Applying those principles to Google, the court concludes that a search engine operator can "in certain circumstances" be forced to remove objectionable search results, even when, as in this case, the content was published legally and remains available. By compiling information that would otherwise be scattered across the Web, the court says, a search engine intrudes on privacy in a way that the individual references do not, and such intrusion "cannot be justified by merely the economic interest which the operator of such an engine has in that processing." That interest, the court says, is outweighed by "the right to be forgotten":

Even initially lawful processing of accurate data may, in the course of time, become incompatible with the directive where those data are no longer necessary in the light of the purposes for which they were collected or processed. That is so in particular where they appear to be inadequate, irrelevant or no longer relevant, or excessive in relation to those purposes and in the light of the time that has elapsed.

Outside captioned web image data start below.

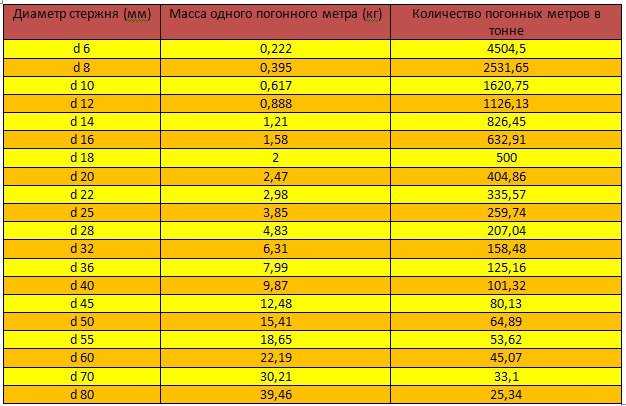 Сколько весит арматура 10 1 метр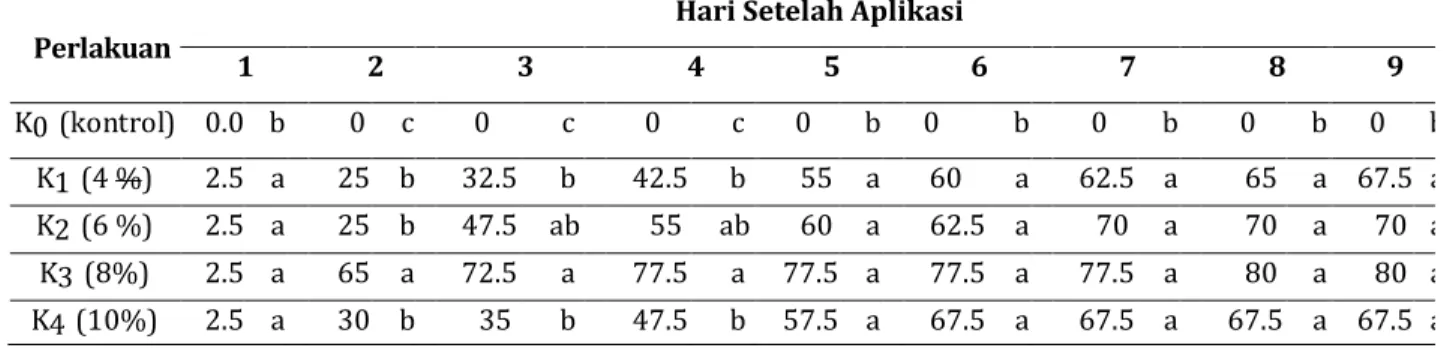 Tabel 1. Uji Beda Rataan Persentase Mortalitas Larva S. litura Akibat Perlakuan  Insektisida Nabati Ektstrak Bunga Kembang bulan T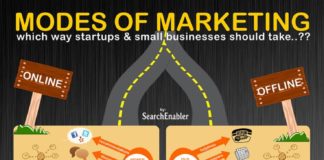 Digital Marketing : #Infographics – Modes of marketing for small businesses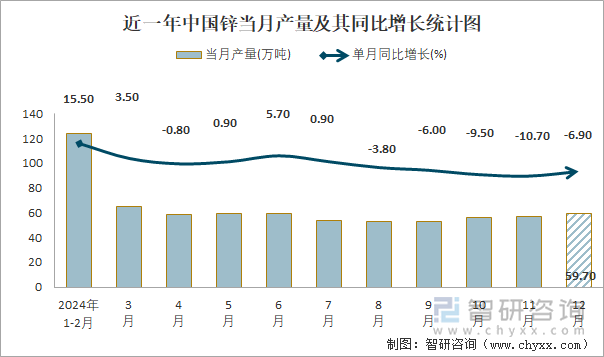 近一年中国锌当月产量及其同比增长统计图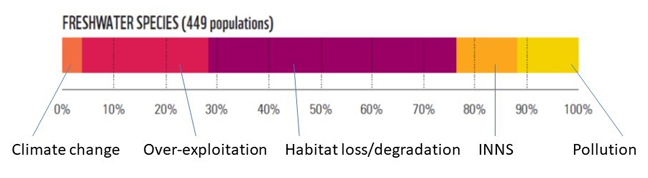 The reasons for this are: Climate change (~4%), Over-exploitation (~24%), Habitat loss / degredation (~48%), INNS (~12%), Pollution (~12%)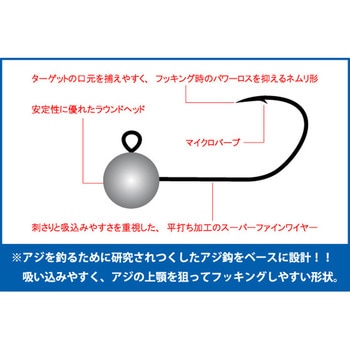 Ar.ヘッド ジャックアッパー Arukazik Japan(アルカジックジャパン)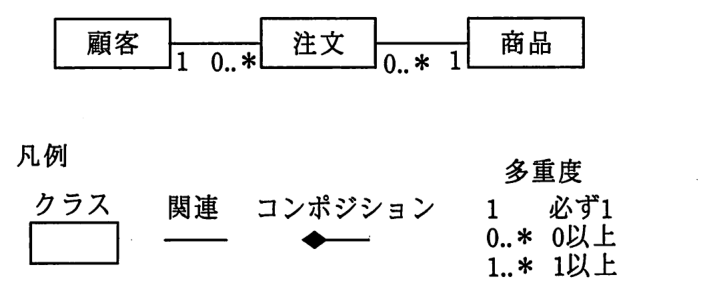クラス図と凡例。顧客（1）と注文（0..*）が関連し，注文（0..*）と商品（1）が関連する。凡例：クラスは四角，関連は線，コンポジションはひし形付きの線。多重度 1 は必ず1，0..* は0以上，1..* は1以上。
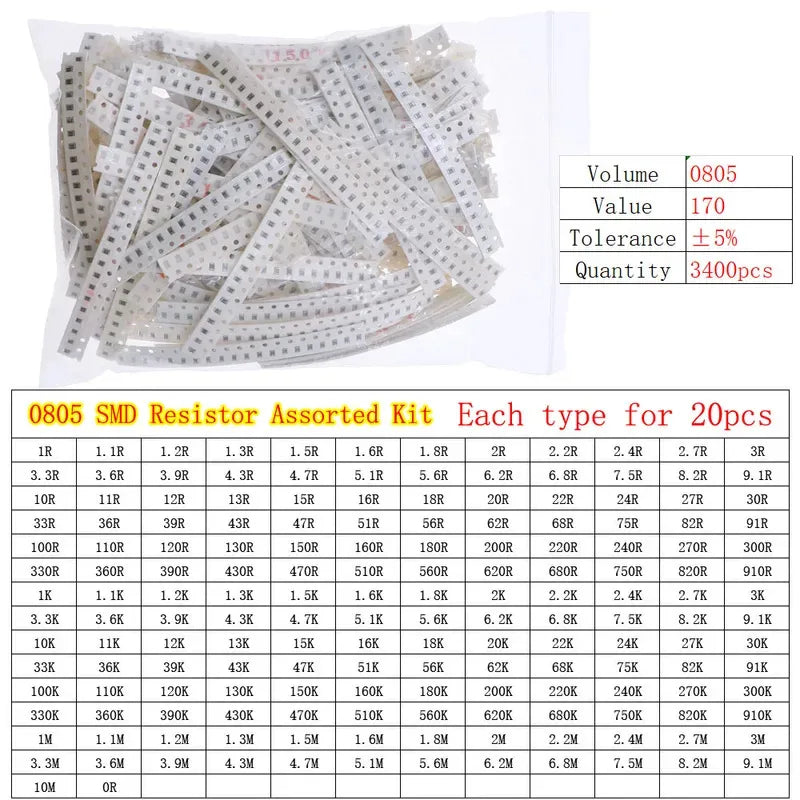0402 0603 0805 1206 2512 0ohm-10Mohm SMD Chip Fixed Resistor Assortment Kit Electronic components sample pack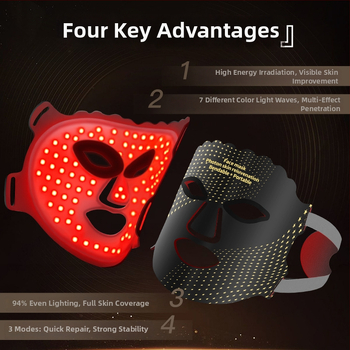 LED svjetlosna terapijska maska za lice, prijenosno uređaj, s ugrađenom baterijom 800–1000 mAh, IPX1 vodootpornost, za komercijalnu upotrebu.
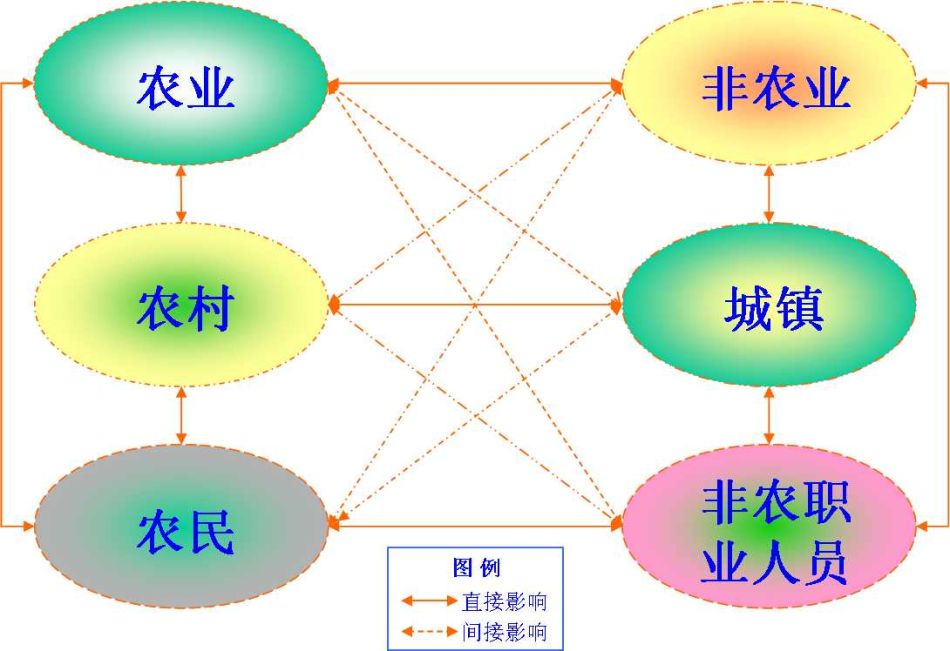 三农是指的哪三农（应该如何理解三农它的根本是什么）-第2张图片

The court concedes that "the removal of links from the list of results could, depending on the information at issue, have effects upon the legitimate interest of internet users potentially interested in having access to that information." Therefore "a fair balance should be sought…between that interest and the data subject's fundamental rights." That balance may depend "on the nature of the information in question and its sensitivity for the data subject's private life and on the interest of the public in having that information."

In other words, data protection agencies and courts are to decide, on a case-by-case basis, whether Internet users will be able to learn things that people would rather keep hidden, based on a subjective judgment of how important and how embarrassing the facts are. What could possibly go wrong? New York Times technology writer David Streitfeld suggests a couple of troubling scenarios:

Should a businessman be able to expunge a link to his bankruptcy a decade ago? Could a would-be politician get a drunken-driving arrest removed by calling it a youthful folly?

That's just for starters. For any given political candidate, public official, job applicant, potential business partner, date, future son-in-law, or new neighbor, there will be many facts available online that are arguably relevant to important public or private interests—which means they are also arguably irrelevant. Then there is the question of whether the interest at stake, whether it's evaluating your congressman or avoiding yet another bad relationship, outweighs the interest of your research subject in concealing facts that reflect poorly on him. This is a legal morass that invites arbitrary line drawing.

In the United States, the "right to be forgotten" would be a non-starter, since our Constitution guarantees freedom of speech, a principle that is incompatible with government decrees to send inconvenient truths down the memory hole. Some might even call it a fundamental right.